In his concession speech, Josh Mandel called it the beginning, not the end, of his fight for government accountability, lower taxes and fiscal responsibility. At 35, the former state lawmaker and two-tour Marine is unlikely to end his political career here.
Brown planned a news conference today in Columbus to discuss the race and his future plans. He and Republican Rob Portman, a key supporter of presidential contender Mitt Romney, will continue to represent Ohioans in the Senate.
Brown won with 50.3 percent of the vote while Mandel had 45 percent and independent Scott Rupert had 4.6 percent. Brown totaled 2,638,682 votes while Mandel had 2,360,716 and Rupert had 240,274.
The U.S. Chamber of Commerce, Crossroads GPS and other outside groups spent nearly $40 million in Ohio, criticizing Brown's support for President Barack Obama's stimulus and health care overhaul.
In his victory speech, Brown said those groups thought Ohio could be bought.
"In October, eight out-of-state groups, all at the same time, were poisoning Ohio's airwaves -- spending more money against me than any U.S. Senate candidate in the history of the United States, running 50,000 ads," he told supporters. "But these groups just didn't know Ohio."

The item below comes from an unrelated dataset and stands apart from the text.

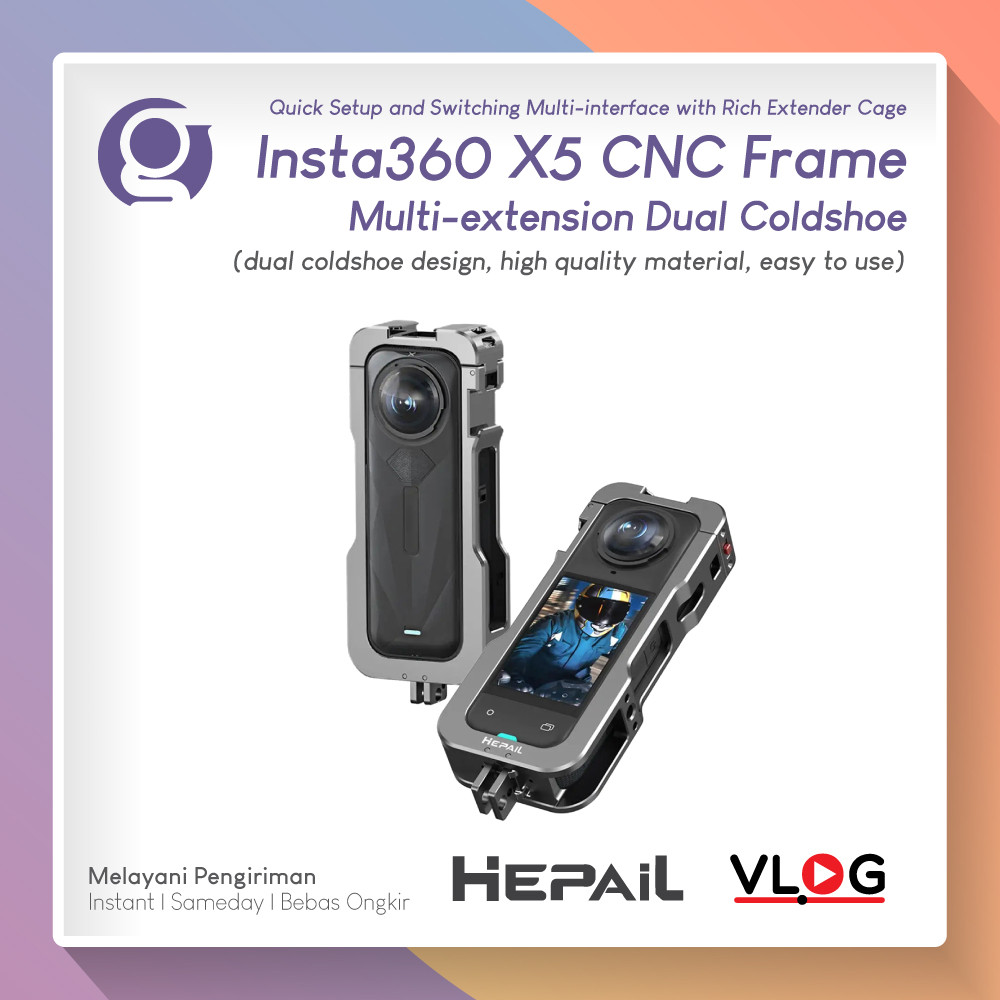 Jual HEPAiL AC81 Metal Cage for Insta360 X5 Aluminium Case Rabbit Rig ...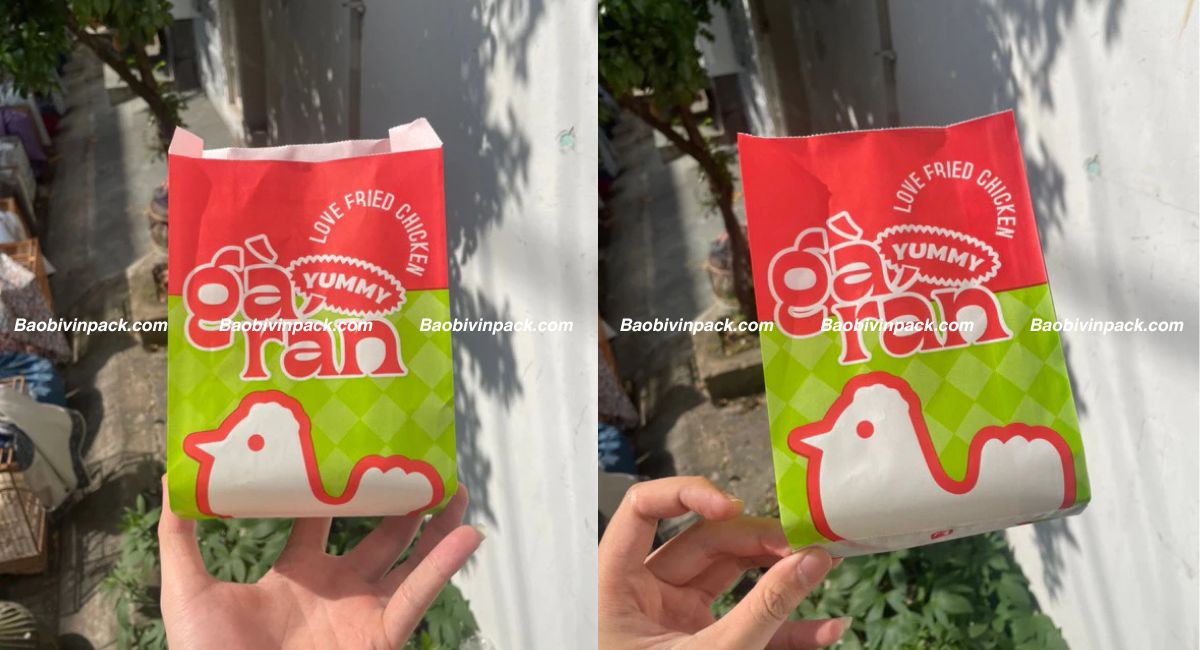 In túi giấy đựng gà rán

Mandel had called Brown a career politician in a race that grew increasing rancorous as Election Day approached. He sought to turn Brown's decades in office against him, telling voters he wanted to make Washington more accountable.
He toned down his rhetoric Tuesday, congratulating Brown and commending his family for a race well run.
"I believe we left it all on the field," he said. "I cannot think of anything else we could have done to win this campaign. I believe we put forth everything we could in sweat, in honor and in integrity."
Brown, 59, made the auto industry bailout a key campaign issue, highlighting Mandel's opposition to the rescue that affected about 800,000 Ohio jobs.
Brown got three out of four votes from the majority of Ohioans who agreed with giving federal money to General Motors and Chrysler, according to preliminary exit poll results. Union households were also decisively behind Brown, who won the urban vote overwhelmingly and split the suburban vote.
He won despite a big dip in support among older voters, independents and Catholics.
Job experience was a central theme in the race. Brown accused Mandel of ignoring his duties at the state treasury, while Mandel said Brown was too entrenched and represented "everything that's wrong with Washington."
Brown began his political career in 1974 as the youngest state representative in Ohio history and went on to serve as secretary of state and congressman.
Mandel was elected to his first statewide office in 2010 after stints as a student body president at Ohio State University, Cleveland-area city councilman and state legislator. His military experience factored in garnering 2008 presidential nominee John McCain's endorsement.